The die was cast. Before the month was out I owned a cob-type miniature stallion and two mares. Eight years later we have a few surviving full-size horses that will stay until departing for horse heaven, but now I like the little ones better.
So in 2003, when I decided to fulfill a dream and own sheep, I opted for a pint-size breed. Dumb luck led me to a woman dispersing her flock of arguably the best Miniature Cheviots in America. I started with her foundation ewe and a gorgeous ram lamb. Now I raise them, I’m a co-founder of the American Classic Cheviot Sheep Association and have 24 of these great little sheep.
Why miniature livestock? For starters, they require less housing space, pasture and feed than full-size counterparts. Less elaborate (thus less costly) fencing often suffices. Minis like pet pigs or Nigerian Dwarf dairy goats are sometimes acceptable where zoning laws prohibit full-size livestock. They are easier to handle and less intimidating than everyday livestock, especially for beginners, children, old folks and the physically challenged, not only due to their size but because many types of miniatures are specifically bred for calm disposition and tractability. Chores such as hoof trimming, shearing or clipping, giving shots and administering wormer are easier, as is training smaller animals for show or fun. Breeders on one side of America ship miniature lambs, kids and piglets via air, two to a standard large-size dog crate and most species are locally transportable in a van or SUV.

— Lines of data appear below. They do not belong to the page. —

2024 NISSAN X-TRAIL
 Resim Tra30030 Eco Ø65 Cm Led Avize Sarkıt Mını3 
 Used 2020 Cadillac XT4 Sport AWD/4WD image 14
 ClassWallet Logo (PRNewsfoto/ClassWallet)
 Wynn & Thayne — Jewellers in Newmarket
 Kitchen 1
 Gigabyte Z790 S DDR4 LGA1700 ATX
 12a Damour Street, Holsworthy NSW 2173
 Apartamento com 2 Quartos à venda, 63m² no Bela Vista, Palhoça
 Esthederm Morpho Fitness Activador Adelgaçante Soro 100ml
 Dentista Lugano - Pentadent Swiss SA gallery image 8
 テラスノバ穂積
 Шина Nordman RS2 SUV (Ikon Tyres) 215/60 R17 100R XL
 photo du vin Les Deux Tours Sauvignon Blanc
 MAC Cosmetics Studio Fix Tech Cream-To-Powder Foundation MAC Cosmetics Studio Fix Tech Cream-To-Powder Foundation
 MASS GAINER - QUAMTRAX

But minis aren’t simply window dressing. Consider, for example, Lowline cattle, a naturally pint-size Angus breed developed in at the New South Wales Department of Agriculture’s Trangie Agricultural Research Centre in Australia and widely disseminated throughout North America. The average Lowline cow is only 40 inches tall and weighs 800 pounds, while bulls are 42 to 44 inches tall and weigh about 1200 pounds, making Lowlines 50 to 60 percent the size of most beef cattle. They require approximately one-third the feed of their full-size peers yet according to Trangie Agricultural Research Centre figures they produce five percent more marbling than other breeds, half the backfat of full-size Angus, 30 percent more rib eye per hundredweight than any other breed, and they dress out at up to an amazing 76 percent live weight. At the 2009 National Western Stock Show’s National Lowline Sale a two year old cow named MCR Everlasting topped the sale at $13,250 while two more cows brought $10,000 each. Bred fullblood Lowline cows averaged $6986 and bulls, $3650. What’s not to like about Lowline cattle!
Miniature Herefords, Miniature Jerseys, Guinea Hogs, Babydoll Southdown sheep, Miniature Llamas and Nigerian Dwarf goats to name just a few – buyers want them and are willing to pay. The time for raising miniature livestock is now. That’s why I wrote Storey’s Guide to Raising Miniature Livestock.